三菱電機では濃霧や豪雨などの悪天候時でも、車両周辺の状況を高い精度で検知できる「悪天候に対応可能な車載向けセンシング技術」を開発しました。車載センサーの検知精度が著しく低下する悪天候時でも、自動運転や運転支援システムが安定的に作動することが期待できます。

自動運転・運転支援では車両に搭載されたセンサーが人でいえば「目」の働きをし、前方の車両や障害物、人などを認識。それに合わせて「ステアリング(ハンドル)を動かす」「ブレーキを踏む」「車線変更する」などの運転操作が機械的に行われます。

自動運転・運転支援で使用される主なセンサーは「ミリ波レーダー」「カメラ」「ライダー」の3種類です。「ミリ波レーダー」はとても波長の短い電波を対象物に照射し、跳ね返って戻ってきた電波を検出して対象物までの距離や方向を検出します。「カメラ」は前方の画像を撮影し、対象物を検知します。また「ライダー」は「レーザーレーダー」とも呼ばれ、レーザー光を照射し、対象物に反射されて戻ってくる時間によって距離を計測します。

今回、これら複数のセンサーが検知した情報から信頼性の高い情報を取捨選択して、周辺環境の認識精度を高める技術を開発。悪天候でも高い検知精度を維持することに成功しました。

ニュースリリース

技術ポイント

複数の車載センサー情報を信頼度に基づき選択・統合し、悪天候でも高精度に検知

車両に搭載されている複数のセンサーが速度・車幅・向き・距離などを検出。それらの時系列データをセンサーごとの特性を基に想定した値と瞬時に比較・分析し、天候などにより変化する情報の信頼度を推定します。

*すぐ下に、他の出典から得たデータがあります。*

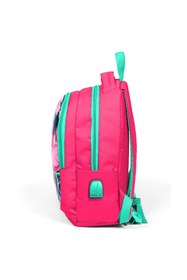 Resim Coral High Kids Neon Mercan Flamingolu Üç Bölmeli USB Şarjlı Kulaklık Çıkışlı Sırt Çantası 23416 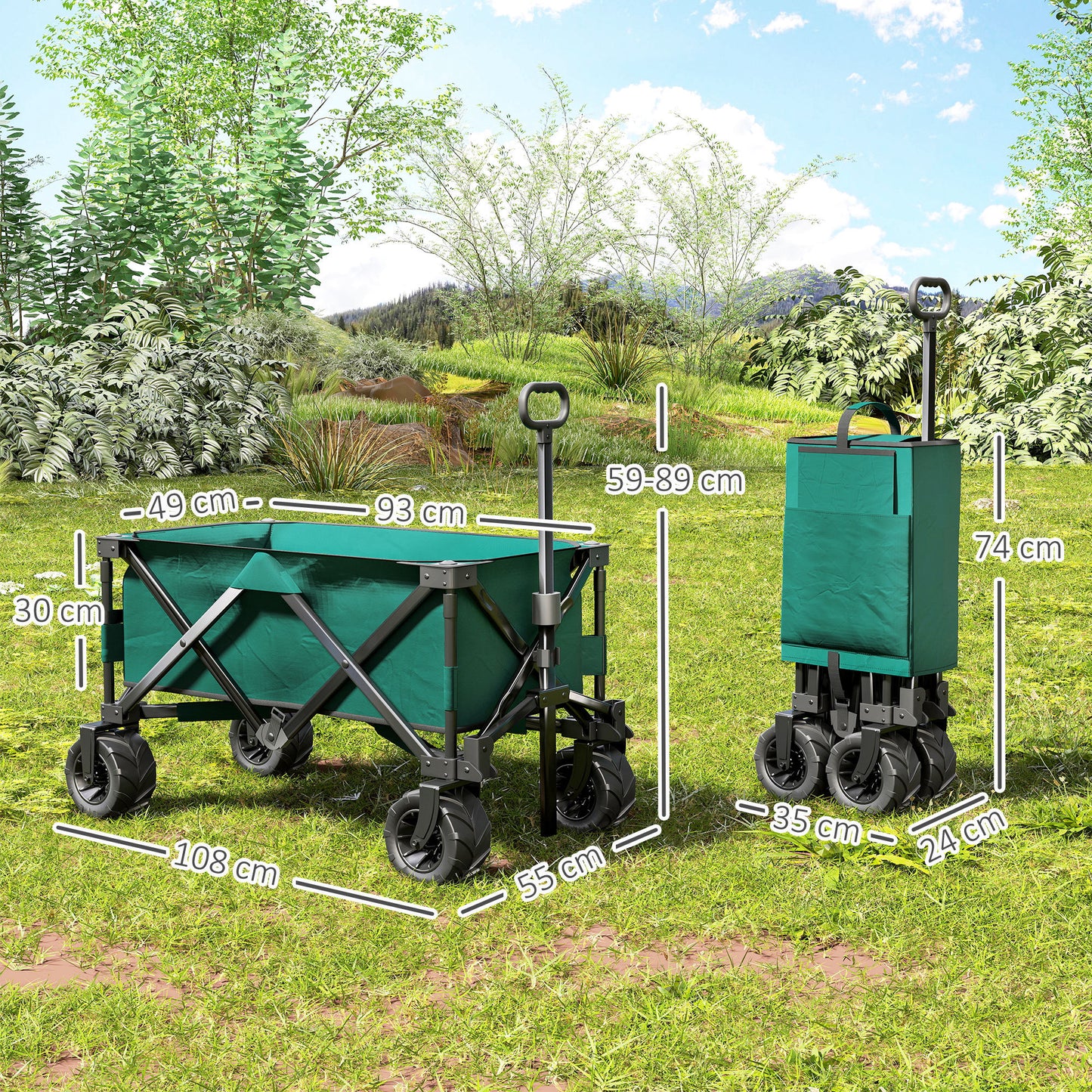 140L Festival Trolley on Wheels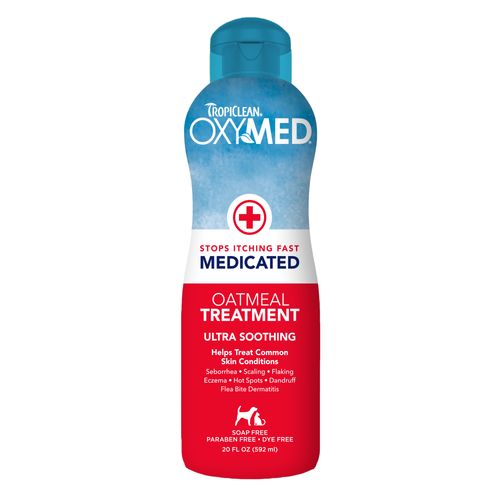 Tropiclean Oxymed Medicated Shampoo - kojący szampon dla psów i kotów z wrażliwą skórą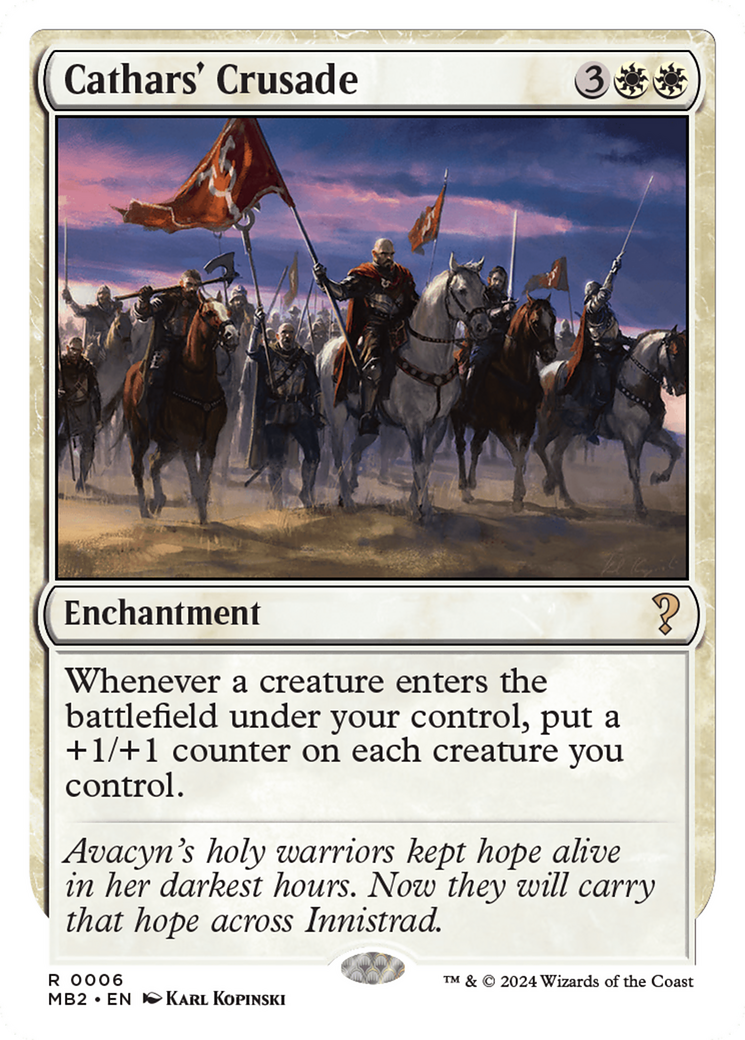 Image of Cathars' Crusade (White Border) (MB2-006) - Mystery Booster 2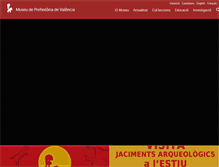 Tablet Screenshot of museuprehistoriavalencia.org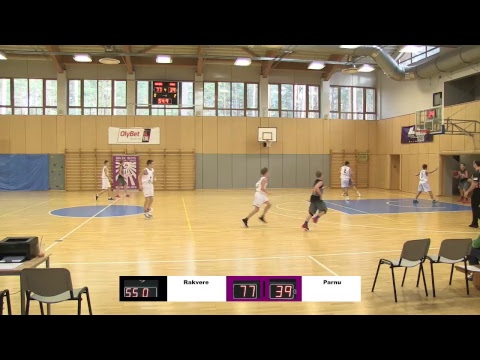 BBBL U15 2018 KK Pärnu/Orissaare 2004 vs Tarvas / Rakvere SK 2004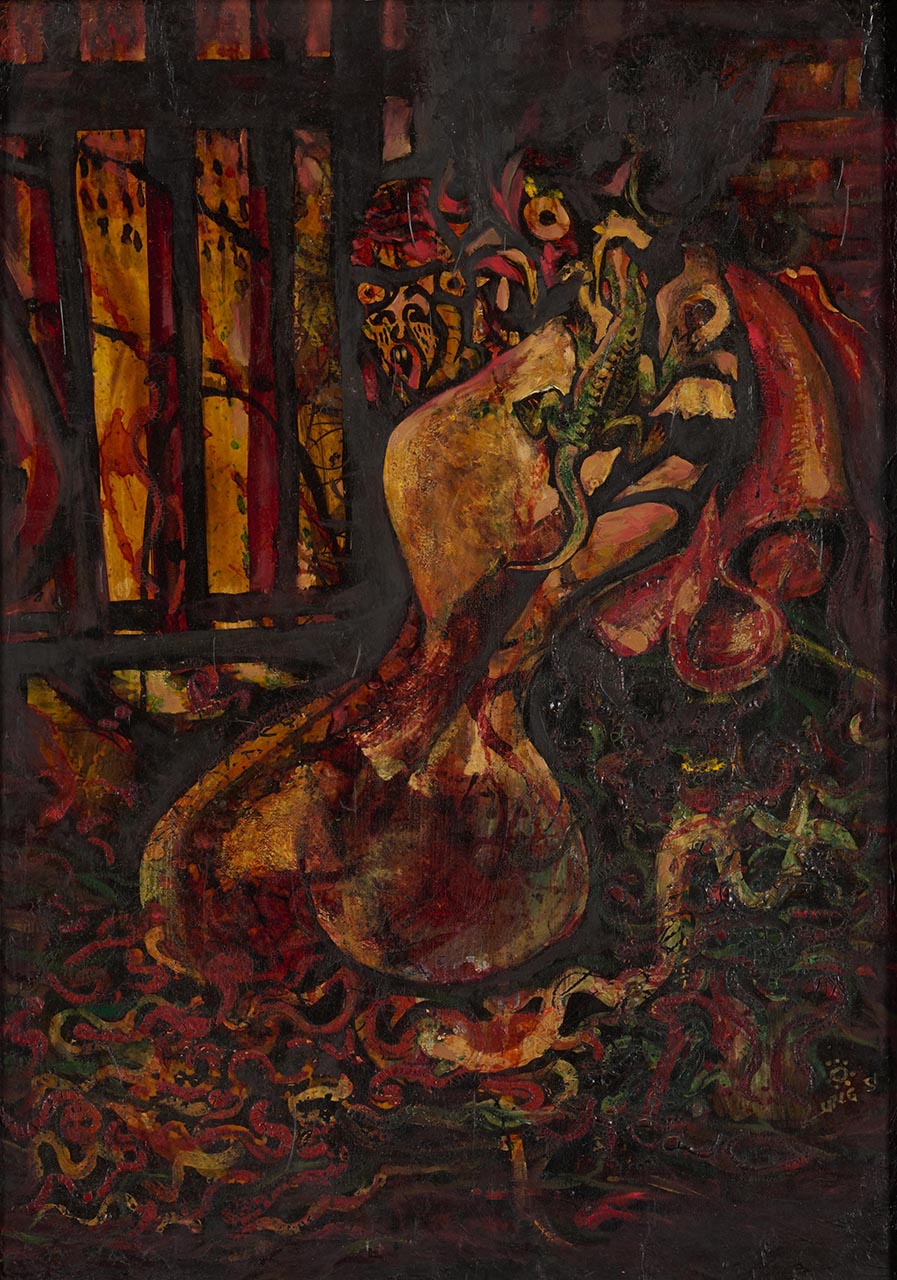 Woman, Snakes, Lizards and Ogre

信頼度が高い情報を選択・統合することで、悪天候でも高い検知精度を維持します。これにより豪雨や濃霧などの悪天候時でも自動運転やAEBをはじめとする運転支援システムが使用できます。

悪天候に対応可能な車載向けセンシング技術

悪天候でのAEB性能実験で効果を実証

悪天候に対応可能な車載向けセンシング技術

一般財団法人日本自動車研究所の特異環境試験場で様々な悪条件を想定したAEBの実証実験を実施。雨量毎時80mmの状況下では最大で時速40kmで走行してもAEBが作動し、障害物との衝突回避が可能であることを実証しました。

また霧・視程15mの場合には、時速10~15kmの走行で作動することを実証。降雨条件下では夜間を想定したAEBの作動を確認しています。さらにカメラなどの検知精度に大きく影響する逆光条件でも、時速10~40kmでの作動を確認しています。